> Exercise aim
Restate, word for word, the lines from the opening line of the data through the line containing "Une salle de", both included, and nothing else.

> Data listing
==========

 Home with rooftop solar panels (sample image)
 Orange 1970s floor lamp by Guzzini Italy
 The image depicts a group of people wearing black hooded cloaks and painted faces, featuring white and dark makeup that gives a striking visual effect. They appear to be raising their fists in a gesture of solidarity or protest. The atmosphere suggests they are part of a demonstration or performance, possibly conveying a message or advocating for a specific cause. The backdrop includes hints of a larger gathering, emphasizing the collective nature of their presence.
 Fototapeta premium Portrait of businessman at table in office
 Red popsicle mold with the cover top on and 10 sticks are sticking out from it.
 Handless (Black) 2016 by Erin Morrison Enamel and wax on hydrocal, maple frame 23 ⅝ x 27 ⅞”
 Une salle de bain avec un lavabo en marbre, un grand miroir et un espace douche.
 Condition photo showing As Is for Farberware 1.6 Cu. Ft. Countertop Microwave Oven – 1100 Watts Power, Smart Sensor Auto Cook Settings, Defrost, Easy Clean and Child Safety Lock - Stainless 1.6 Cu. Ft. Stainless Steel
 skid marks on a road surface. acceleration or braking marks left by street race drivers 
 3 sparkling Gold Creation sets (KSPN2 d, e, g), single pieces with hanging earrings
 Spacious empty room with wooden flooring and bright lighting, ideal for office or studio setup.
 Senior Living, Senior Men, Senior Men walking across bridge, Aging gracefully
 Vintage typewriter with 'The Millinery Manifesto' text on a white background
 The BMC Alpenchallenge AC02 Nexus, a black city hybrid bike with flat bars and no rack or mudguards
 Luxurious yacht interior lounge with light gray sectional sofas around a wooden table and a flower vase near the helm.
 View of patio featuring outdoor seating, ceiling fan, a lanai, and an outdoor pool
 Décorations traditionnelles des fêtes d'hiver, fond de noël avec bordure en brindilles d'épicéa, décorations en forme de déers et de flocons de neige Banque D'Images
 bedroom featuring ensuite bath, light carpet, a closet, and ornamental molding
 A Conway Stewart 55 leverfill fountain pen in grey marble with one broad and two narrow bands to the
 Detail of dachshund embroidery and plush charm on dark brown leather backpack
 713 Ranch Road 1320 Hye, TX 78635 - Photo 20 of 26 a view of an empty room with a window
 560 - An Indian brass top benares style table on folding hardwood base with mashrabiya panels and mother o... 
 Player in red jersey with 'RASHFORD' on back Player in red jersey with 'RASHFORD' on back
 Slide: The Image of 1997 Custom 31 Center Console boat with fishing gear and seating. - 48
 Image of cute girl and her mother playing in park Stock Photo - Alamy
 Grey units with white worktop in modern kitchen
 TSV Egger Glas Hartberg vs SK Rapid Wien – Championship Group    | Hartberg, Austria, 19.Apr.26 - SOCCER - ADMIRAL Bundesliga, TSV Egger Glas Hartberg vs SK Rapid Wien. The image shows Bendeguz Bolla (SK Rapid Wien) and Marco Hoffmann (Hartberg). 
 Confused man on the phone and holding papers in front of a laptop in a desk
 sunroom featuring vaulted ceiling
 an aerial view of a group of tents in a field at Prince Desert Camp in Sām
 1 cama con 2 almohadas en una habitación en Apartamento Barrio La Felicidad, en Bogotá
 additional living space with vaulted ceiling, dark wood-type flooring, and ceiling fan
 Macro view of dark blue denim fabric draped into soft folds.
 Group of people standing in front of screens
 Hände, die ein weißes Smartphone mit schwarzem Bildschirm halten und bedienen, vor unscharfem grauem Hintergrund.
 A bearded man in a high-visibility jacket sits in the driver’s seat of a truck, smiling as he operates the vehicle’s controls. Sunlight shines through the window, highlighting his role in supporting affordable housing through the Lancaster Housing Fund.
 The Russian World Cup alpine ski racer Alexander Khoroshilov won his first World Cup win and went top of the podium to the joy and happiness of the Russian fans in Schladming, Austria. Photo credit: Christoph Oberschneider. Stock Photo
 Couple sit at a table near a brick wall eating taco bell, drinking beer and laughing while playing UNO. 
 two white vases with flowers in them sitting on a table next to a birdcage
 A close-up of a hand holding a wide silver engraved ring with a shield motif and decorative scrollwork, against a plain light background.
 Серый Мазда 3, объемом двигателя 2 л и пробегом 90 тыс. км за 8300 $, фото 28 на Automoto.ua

==========

> Answer box
 Home with rooftop solar panels (sample image)
 Orange 1970s floor lamp by Guzzini Italy
 The image depicts a group of people wearing black hooded cloaks and painted faces, featuring white and dark makeup that gives a striking visual effect. They appear to be raising their fists in a gesture of solidarity or protest. The atmosphere suggests they are part of a demonstration or performance, possibly conveying a message or advocating for a specific cause. The backdrop includes hints of a larger gathering, emphasizing the collective nature of their presence.
 Fototapeta premium Portrait of businessman at table in office
 Red popsicle mold with the cover top on and 10 sticks are sticking out from it.
 Handless (Black) 2016 by Erin Morrison Enamel and wax on hydrocal, maple frame 23 ⅝ x 27 ⅞”
 Une salle de bain avec un lavabo en marbre, un grand miroir et un espace douche.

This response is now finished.